Why Erlang/Elixir? A Fanboy's Argument for Scalable, Distributed, Concurrent Programming While Staying Sane

April 23, 2021 · 11 min read

I think that it isn't a well kept secret that I'm a fanboy of Elixir. Almost half of my blog posts (at point of writing) are related to Elixir and its ecosystem. But, how exactly did I get to this point? And why? In this post, let's deep dive into what makes Erlang/Elixir so special and why the latest innovations out of this ecosystem keeps me coming back for more.

The What

What is Erlang?

Erlang is functional programming language that made its debut in 1986 in the telecoms industry, due to the need for distributed, fault-tolerant, and highly available telecoms systems at Ericsson.

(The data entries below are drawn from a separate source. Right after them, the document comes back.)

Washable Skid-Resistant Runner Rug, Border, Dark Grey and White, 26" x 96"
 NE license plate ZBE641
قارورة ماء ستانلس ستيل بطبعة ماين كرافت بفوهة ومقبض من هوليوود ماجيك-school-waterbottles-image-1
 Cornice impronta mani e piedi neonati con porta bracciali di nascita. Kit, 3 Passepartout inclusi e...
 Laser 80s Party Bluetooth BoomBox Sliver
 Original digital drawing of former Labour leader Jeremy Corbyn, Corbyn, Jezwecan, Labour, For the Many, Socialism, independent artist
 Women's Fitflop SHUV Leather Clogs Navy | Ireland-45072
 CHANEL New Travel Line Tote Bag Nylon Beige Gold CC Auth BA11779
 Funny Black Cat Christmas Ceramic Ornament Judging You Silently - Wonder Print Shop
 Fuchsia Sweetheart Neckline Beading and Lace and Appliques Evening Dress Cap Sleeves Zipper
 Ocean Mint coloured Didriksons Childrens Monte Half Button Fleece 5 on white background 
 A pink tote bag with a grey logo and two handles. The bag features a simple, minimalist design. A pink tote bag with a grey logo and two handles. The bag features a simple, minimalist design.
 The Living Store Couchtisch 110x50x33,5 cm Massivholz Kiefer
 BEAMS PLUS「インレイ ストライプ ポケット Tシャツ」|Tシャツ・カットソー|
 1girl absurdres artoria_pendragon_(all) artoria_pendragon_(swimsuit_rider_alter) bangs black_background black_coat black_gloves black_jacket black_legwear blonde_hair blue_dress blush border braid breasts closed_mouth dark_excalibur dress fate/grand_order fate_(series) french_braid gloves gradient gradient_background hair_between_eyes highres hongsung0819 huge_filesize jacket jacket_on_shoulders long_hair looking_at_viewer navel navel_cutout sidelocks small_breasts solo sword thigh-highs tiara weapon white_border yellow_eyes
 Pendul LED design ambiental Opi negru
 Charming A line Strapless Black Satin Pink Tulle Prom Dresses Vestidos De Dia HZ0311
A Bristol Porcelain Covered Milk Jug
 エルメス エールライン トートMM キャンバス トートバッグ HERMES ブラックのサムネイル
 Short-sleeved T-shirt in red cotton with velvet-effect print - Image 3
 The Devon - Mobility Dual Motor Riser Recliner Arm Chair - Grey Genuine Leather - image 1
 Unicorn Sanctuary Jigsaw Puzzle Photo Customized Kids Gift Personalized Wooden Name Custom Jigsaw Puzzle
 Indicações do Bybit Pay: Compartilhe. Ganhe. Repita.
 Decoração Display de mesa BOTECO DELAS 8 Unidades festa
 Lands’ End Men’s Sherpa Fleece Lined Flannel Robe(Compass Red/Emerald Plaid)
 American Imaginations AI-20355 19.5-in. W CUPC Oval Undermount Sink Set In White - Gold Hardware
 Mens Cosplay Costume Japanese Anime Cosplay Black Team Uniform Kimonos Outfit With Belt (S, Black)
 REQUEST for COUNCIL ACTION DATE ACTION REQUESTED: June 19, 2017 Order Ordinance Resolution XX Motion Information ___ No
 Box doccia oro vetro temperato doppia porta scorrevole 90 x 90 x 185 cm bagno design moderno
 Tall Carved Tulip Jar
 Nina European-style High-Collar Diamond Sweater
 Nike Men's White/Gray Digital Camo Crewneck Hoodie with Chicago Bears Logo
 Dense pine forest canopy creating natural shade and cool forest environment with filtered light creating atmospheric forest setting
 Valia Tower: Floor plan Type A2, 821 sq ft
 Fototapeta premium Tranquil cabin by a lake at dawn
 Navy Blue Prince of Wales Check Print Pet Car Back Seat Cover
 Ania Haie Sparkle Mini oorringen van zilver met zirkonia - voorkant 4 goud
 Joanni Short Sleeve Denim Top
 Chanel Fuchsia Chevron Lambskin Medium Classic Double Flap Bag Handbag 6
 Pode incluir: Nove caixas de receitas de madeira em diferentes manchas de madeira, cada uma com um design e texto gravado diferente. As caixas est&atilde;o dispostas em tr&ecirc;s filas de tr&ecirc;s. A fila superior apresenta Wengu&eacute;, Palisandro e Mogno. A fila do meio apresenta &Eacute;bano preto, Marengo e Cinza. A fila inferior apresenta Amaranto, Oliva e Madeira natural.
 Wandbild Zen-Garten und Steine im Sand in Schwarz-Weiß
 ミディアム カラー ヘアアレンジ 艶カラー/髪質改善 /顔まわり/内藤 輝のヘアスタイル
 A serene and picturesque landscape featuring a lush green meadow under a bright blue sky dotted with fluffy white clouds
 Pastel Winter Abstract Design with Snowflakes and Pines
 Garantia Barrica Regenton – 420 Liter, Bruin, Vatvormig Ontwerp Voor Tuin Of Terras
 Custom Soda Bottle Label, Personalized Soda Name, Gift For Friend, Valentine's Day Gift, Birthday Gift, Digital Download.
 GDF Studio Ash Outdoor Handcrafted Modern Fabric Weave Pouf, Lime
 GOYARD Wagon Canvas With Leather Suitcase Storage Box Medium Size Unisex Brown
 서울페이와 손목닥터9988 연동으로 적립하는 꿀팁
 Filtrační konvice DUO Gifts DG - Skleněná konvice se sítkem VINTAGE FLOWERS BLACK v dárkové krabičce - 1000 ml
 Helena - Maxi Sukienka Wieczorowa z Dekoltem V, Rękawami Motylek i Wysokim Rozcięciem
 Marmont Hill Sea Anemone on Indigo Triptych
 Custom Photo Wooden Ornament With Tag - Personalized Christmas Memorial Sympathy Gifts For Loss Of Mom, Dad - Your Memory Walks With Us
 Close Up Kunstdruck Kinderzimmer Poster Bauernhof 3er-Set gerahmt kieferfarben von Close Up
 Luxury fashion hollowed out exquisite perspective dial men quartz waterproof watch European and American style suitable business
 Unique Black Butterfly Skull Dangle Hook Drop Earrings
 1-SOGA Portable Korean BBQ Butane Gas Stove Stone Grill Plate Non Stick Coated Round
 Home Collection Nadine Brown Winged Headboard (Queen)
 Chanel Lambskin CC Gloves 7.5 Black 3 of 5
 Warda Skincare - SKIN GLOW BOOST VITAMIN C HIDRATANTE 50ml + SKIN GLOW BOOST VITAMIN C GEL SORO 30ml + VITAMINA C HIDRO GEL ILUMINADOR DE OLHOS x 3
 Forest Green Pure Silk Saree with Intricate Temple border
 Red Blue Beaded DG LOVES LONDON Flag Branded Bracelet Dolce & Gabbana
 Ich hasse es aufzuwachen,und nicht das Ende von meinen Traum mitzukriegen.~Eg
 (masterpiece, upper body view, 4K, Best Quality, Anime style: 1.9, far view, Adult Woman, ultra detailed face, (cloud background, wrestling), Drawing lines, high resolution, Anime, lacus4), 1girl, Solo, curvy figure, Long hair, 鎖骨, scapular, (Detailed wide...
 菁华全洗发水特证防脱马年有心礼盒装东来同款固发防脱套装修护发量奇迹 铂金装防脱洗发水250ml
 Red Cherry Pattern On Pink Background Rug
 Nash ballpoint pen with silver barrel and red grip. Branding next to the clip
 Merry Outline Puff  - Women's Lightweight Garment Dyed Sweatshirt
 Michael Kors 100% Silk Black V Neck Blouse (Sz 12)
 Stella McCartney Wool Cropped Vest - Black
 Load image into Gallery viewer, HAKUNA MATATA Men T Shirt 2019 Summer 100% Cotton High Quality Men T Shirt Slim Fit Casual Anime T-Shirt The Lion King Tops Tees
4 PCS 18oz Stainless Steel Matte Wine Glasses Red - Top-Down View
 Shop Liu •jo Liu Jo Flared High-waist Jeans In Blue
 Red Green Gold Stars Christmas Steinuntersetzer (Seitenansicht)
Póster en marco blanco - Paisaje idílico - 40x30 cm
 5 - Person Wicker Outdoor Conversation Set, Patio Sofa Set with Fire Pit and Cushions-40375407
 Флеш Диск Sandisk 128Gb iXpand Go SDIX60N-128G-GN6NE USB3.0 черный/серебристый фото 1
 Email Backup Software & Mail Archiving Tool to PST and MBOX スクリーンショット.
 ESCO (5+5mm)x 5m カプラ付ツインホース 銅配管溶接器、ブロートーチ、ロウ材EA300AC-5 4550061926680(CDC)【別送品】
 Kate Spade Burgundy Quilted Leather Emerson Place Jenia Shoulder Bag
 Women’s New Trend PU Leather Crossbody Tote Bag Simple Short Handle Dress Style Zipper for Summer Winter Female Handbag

As a result of this initial use case, the base suite of libraries that make up the core of Erlang was named the Open Telecom Platform (OTP), and the name persists till this date, even though Erlang and sibling languages are used beyond the telecoms arena.

The BEAM

When we run Erlang code, we need to run it on the BEAM, a virtual machine that compiles Erlang code into bytecode and then executes it. At runtime, the interpreter maps each instruction to executable C-code, making instruction dispatching fast.

Functional Programming

Erlang code is functional, meaning that there is no shared state, mutability, or side effects. Instead of creating classes to encapsulate our logic and state, we compose pure functions to do the exact same.

The design choice to prevent shared state is to allow for Erlang processes to fail without affecting other processes. No shared memory means that one failure cannot cause another.

As Joe Armstrong, one of the creators of Erlang states:

Object Oriented Programming, this is the art of hiding side effects. If you can do it successfully you can write this in program. If you do it unsuccessfully, you get in a sucking mess.

from 26 Years with Erlang, September 22, 2014, Joe Armstrong

It is safe to say that he definitely wasn't a fan of Object Oriented Programming. By preventing side-effects, we essentially isolate our state and the way we can update it to a new state

Stateful Processes

Given that Erlang is functional, how exactly do we hold state in our programs? Through processes. Processes holds a programs state to memory, and can only be updated by itself. The immutability feature of Erlang means that each time we update the state, the entire state is copied, meaning that it is always predictable.

Side note: Processes is the way to encapsulate the updating of state in Erlang, but the parallel form in Haskell is called monads.

Concurrent Programming and the Actor Model

Each lightweight process holds its own state, running its own code instructions. This intuitively means that we are able to write concurrent programs, with processes working in isolation of each other.

However, this gives rise to the problem of how these isolated processes will communicate. Obviously, sharing some sort of state between the two processes is not feasible and would go against the idea of state immutability and no side effects. The answer to this problem is the Actor Model, which states that "everything is an actor". In this case, each processs is considered an actor entity.

When actors receive a message, it can concurrently do either of the following:

send messages to other actors
create more actors
designate message handling behaviour

This means that in order to communicate between different processes, we send messages between them. Processes then receive these messages in an inbox, and will handle them before sending more messages, either to itself or to others.

The Why

Now that we know the mechanics of Erlang and what it offers, this section deals with why exactly we will reach for Erlang for building applications.

Fault Tolerance

The cornerstones of fault tolerant programming are to isolate errors to make sure if one thing crash it does not crash anything else. That's what the processes in operating system do.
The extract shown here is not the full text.